Hence a new California dairy industry campaign pushing back on California’s recommendation to regulate a naturally occurring source of methane. Part of the state’s plan to curb climate-altering methane involves getting food waste out of landfills, where it releases gas as it decomposes. The California Air Resources Board has also suggested slashing methane from cow manure and from a source of about half of the emissions from California’s 5.5 million beef and dairy cows: something called “enteric fermentation.”
Or, as it’s also known, gasiness ( “mostly belching,” an ARB document clarifies). “FLATULENCE,” blared the subject line of an email sent out Tuesday as part of an effort by groups like the Western United Dairymen and the Milk Producers Council to beat back climate mandates. Featuring an image of a cow with a red target on its body, the email urges readers to “say NO to unbridled ARB authority.”
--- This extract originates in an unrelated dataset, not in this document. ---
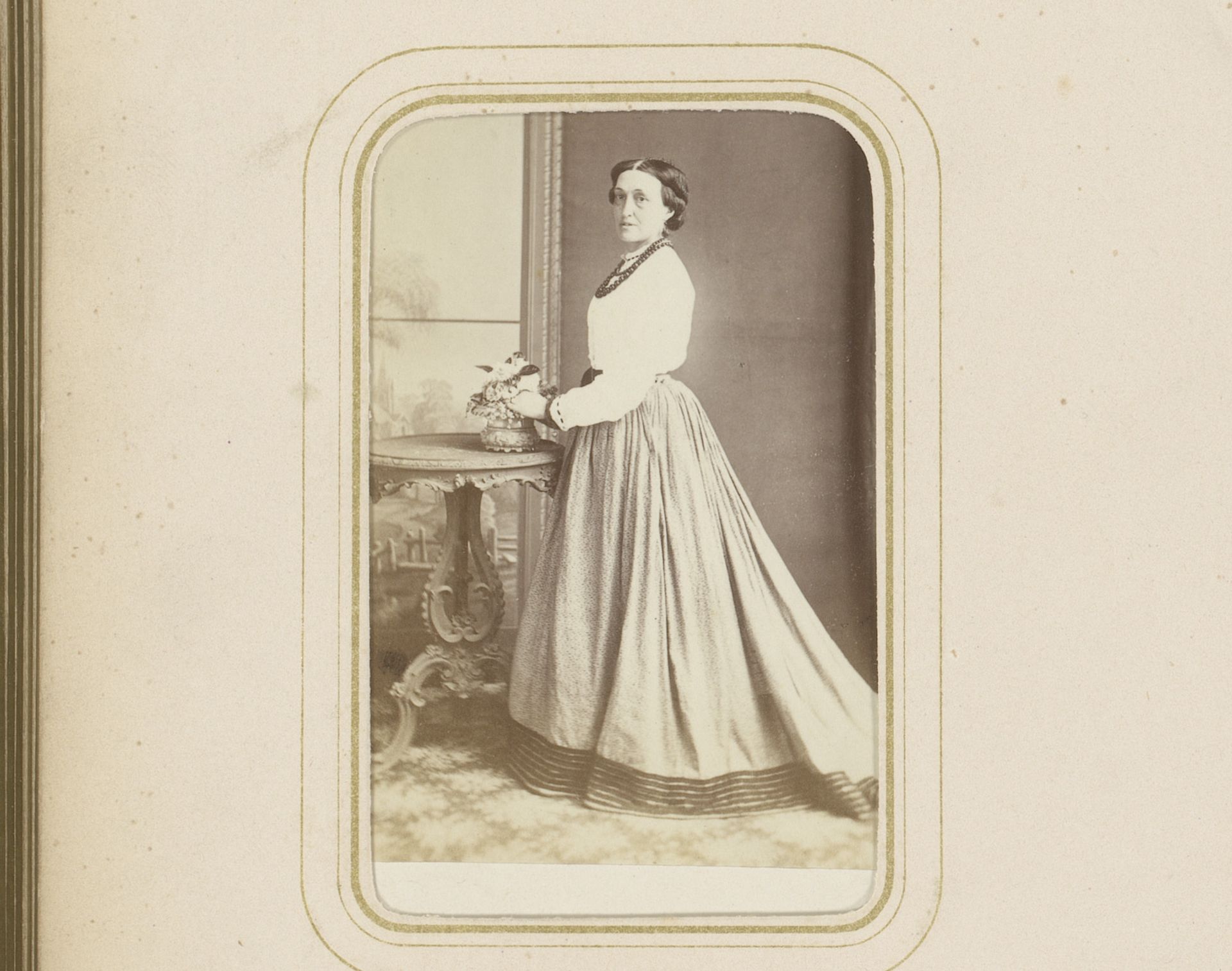 Portret van een vrouw, staand bij een tafel met bloemen by Frances Sutherland Mann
“The focus here is to highlight ARB’s efforts at over-regulating the dairy industry,” said Anja Raudabaugh, CEO of Western United Dairymen. “By nature’s design, (cows) pass lots of gas,” she added. “Quite frankly, we want them to expel gas so they don’t explode.”
According to the ARB, options to clean up manure include moving away from storing manure in lagoons and investing in anaerobic digesters that can trap methane. Changes to breeding and feeding practices could limit flatulence.
Emails and fliers to staff, digital ads and a social media blitz – a Twitter account is already up and tweeting – will accompany an augmented effort to lobby lawmakers down the legislative session’s final stretch. The dairy industry supplies California’s single-most lucrative agricultural commodity, and the Western United Dairymen has spent about $116,000 on lobbying from the start of 2015 through June of this year.
The proposed methane reduction figures into the ARB’s plan to limit so-called “short-lived climate pollutants,” fast-dissipating but extra-potent gases that Gov. Jerry Brown has included in his overarching strategy to combat climate change. The air regulator’s April proposal, which is a recommendation rather than a formal regulation, features images of cows munching grass.
A bill pushing the ARB to complete and implement its short-lived pollutants plan is currently moving through the Legislature, as is a bill setting more ambitious emissions reductions targets for 2030. The dairy industry is opposing both, allying them with powerful business and oil interests who have fought the legislation expanding California’s climate targets.